Second thing: The atonement, a lot of time, I feel like the stereotype of using Jesus Christ's atonement is for when we sin. It almost seems like an if then statement. If we sin, then we can use the atonement and repent. Now that is a very true and powerful statement, but I have learned that it also doesn't credit the atonement for all it has to offer. Jesus Christ atoned for us that we may be able to grow in all things, that as we turn to Him he will help us, in ALL things. He will help us with talents, and dreams, He will help us grow into the best version of ourselves. Because He loves us with an infinite love.

2 Nephi 32 tells us:
5 For behold, again I say unto you that if ye will enter in by the way, and receive the Holy Ghost, it will show unto you all things what ye should do. 
I love how it says "All Things". With that I want to extend to each of you a challenge, find time in your day and think of a question, a concern, a trial, or just anything and general you really really need help with. I invite you to pray about it and ask God to help you find an answer, then open up the Book of Mormon, literally anywhere.  I promise as you do, either through the words you will read, or through the spirit that you will feel, you will receive an answer. " It will show unto you all things what ye should do."

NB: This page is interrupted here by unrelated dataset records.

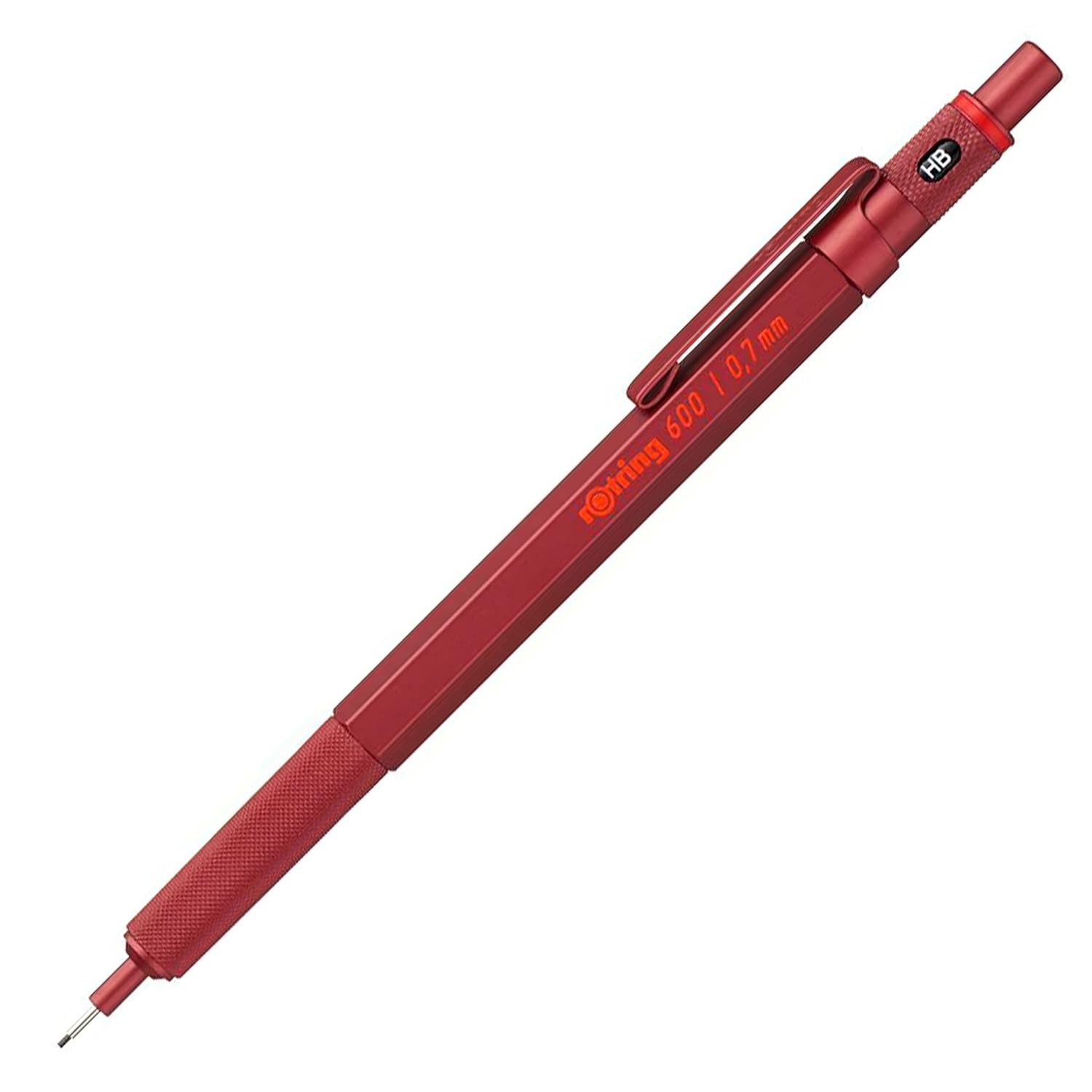 Rotring 600 Mechanical Pencil 0.7 mm HB Red All Metal Hexagonal Barre High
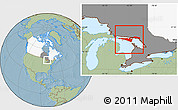 Savanna Style Location Map of Manitoulin, highlighted country, highlighted parent region, hill shading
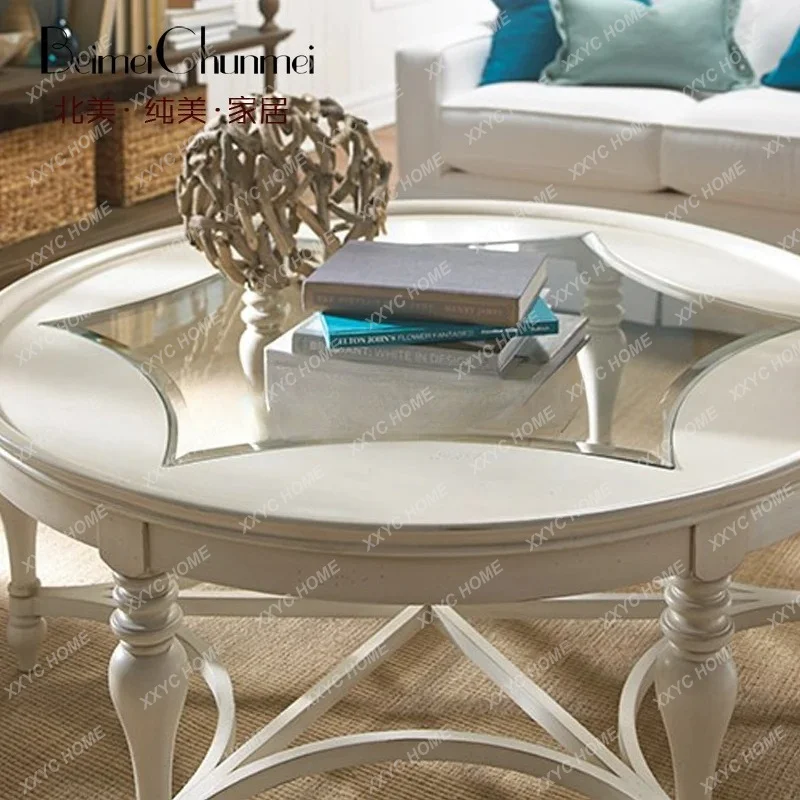 A Round solid wood coffee table pastoral living room tea table tempered glass coffee table white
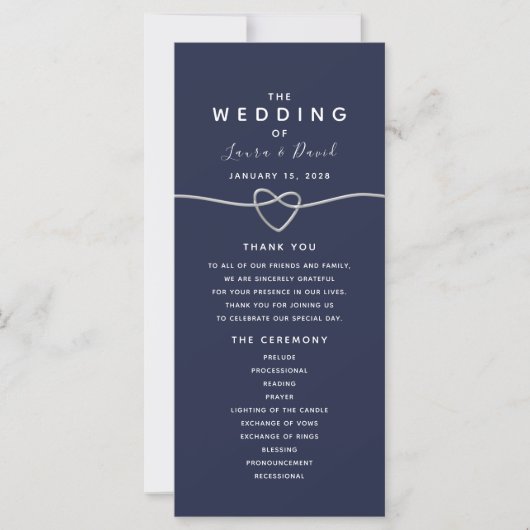Programme de mariage à calligraphie bleu marine (Devant)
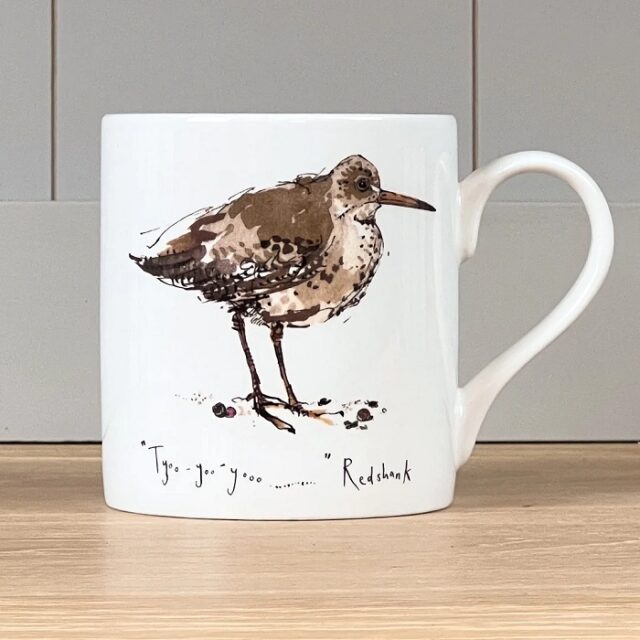 White mug showing redshank bird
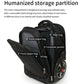 Open black wheeled trolley backpack showing main and front zipper pockets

On top of having a fantastic learning experience through failure. We had some really fun things happen this week to, and have some even better things coming up in the weeks to come! Here's what happened this week!

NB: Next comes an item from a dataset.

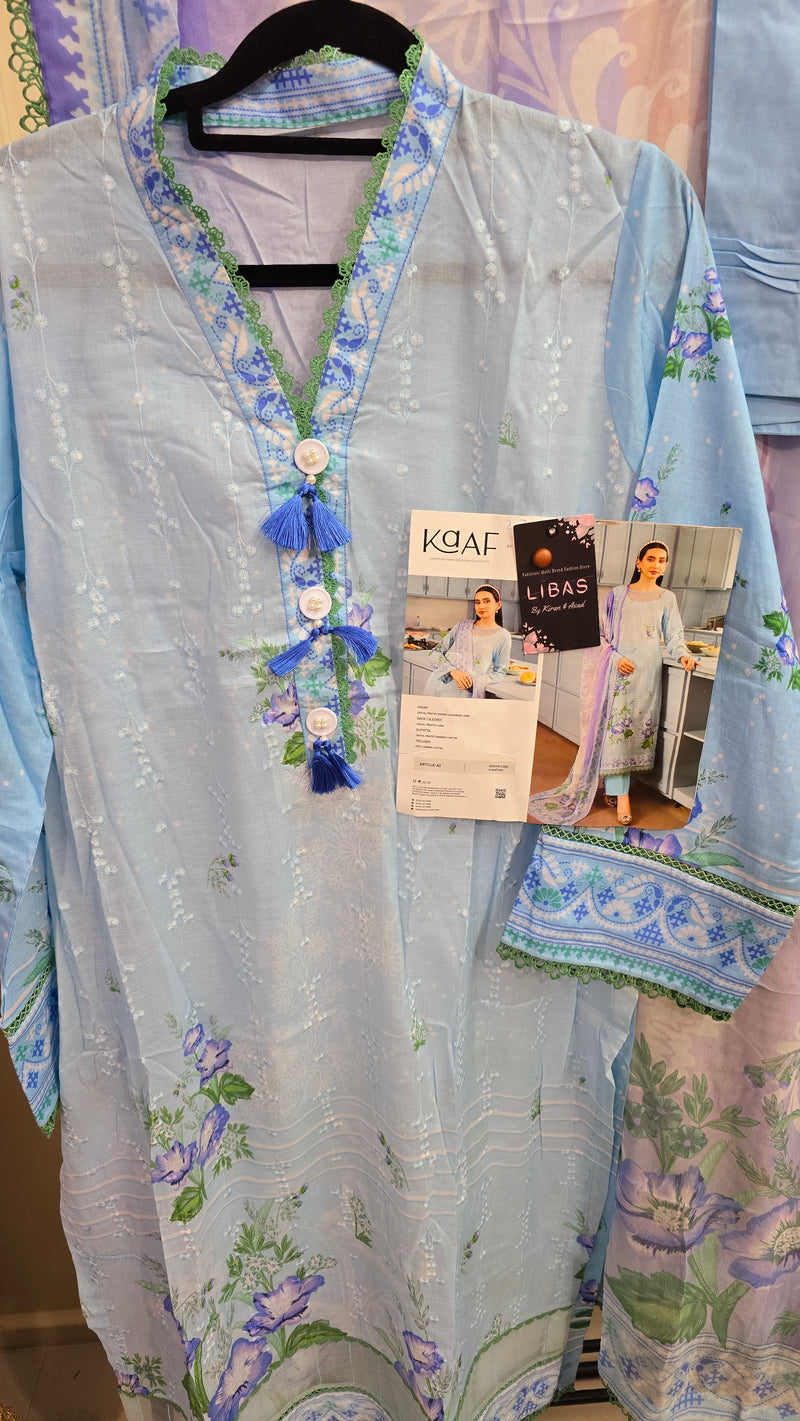 Kaaf - chikenkari summer 3pc - Light blue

I focused really hard on getting Joseph Smith’s vision down in Chinese. AND I DID :) here’s a video :)


I have seriously loved learning the language and I can promise the gift of tongues is so real.

Next, something else our district really likes to do is floral Friday, it spices things up! Here’s the cute photo of us succeeding for the first time :)

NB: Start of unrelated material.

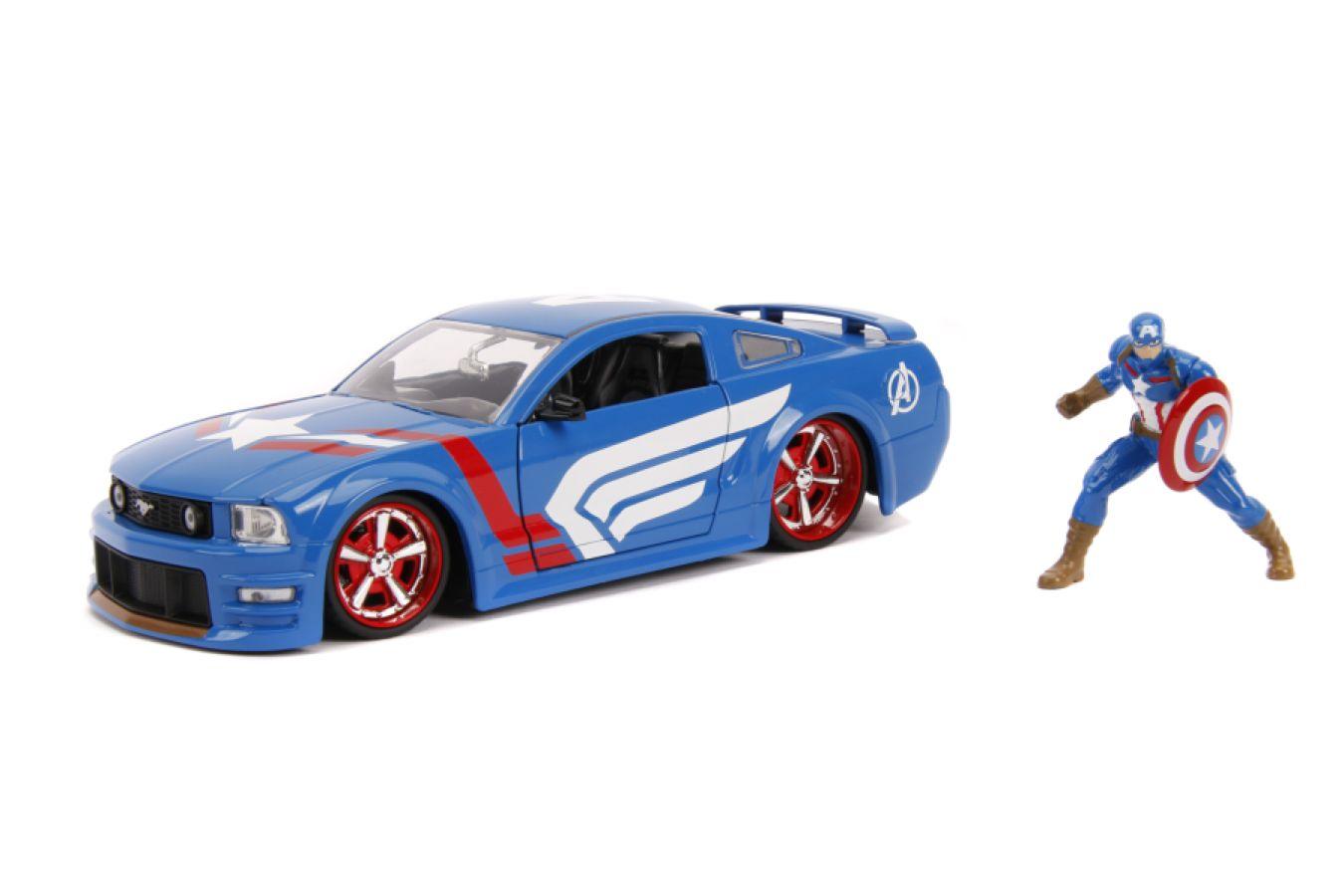 JAD31187 Marvel Comics - Captain America 2006 Ford Mustang GT 1:24 Scale Hollywood Ride - Jada Toys - Titan Pop Culture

My zone has: ( left to right )
Elder Oquias, Elder Stolle, Sister Lobb, Elder Johnson, Sister Vea, Elder Young, Elder Hubert, Elder Caubalejo, Elder McCarther, and the cutest one me:)

This week was also kind of a bitter sweet week because all of the missionaries that got here I’m the beginning of June are leaving. Here’s our zone photo:


I won’t attempt to list all the names but all of them have a special place in my heart!

Lastly for this week I had an awesome experience, and this experience comes with an apology. We can all go to the temple now so I won’t be able to email near as enough, I hope I put a lot in these emails that it may be able to be a good email for all, because I am losing more and more time. BUT, THE TEMPLE WAS INCREDIBLE! The spirit was so strong and it definitely boosted my week. I also was able to do a Chinese name that I received from someone at the MTC it was really cool that I could already start doing work for the Chinese people! Here’s a picture of us at the temple:


I seriously love this MTC experience, yes I’m counting down the days till I leave, which is 21 by the way. But I have grown and learned so much! I cannot thank you all for your support and all the prayers, I can totally feel them!

I can’t wait to email you next week! I have some crazy things happening this week that I can’t wait to tell you about!

我想分享我的艦長。我知道這教會是真實的。我知道我們的天父愛我們。如果我們讀摩爾門經和祂可以幫助我們在我們的生活中。

( I want to share my testimony. I know this church is true. I know that our Heavenly Father loves us. And if we read the Book of Mormon He will be able to help us in our lives.)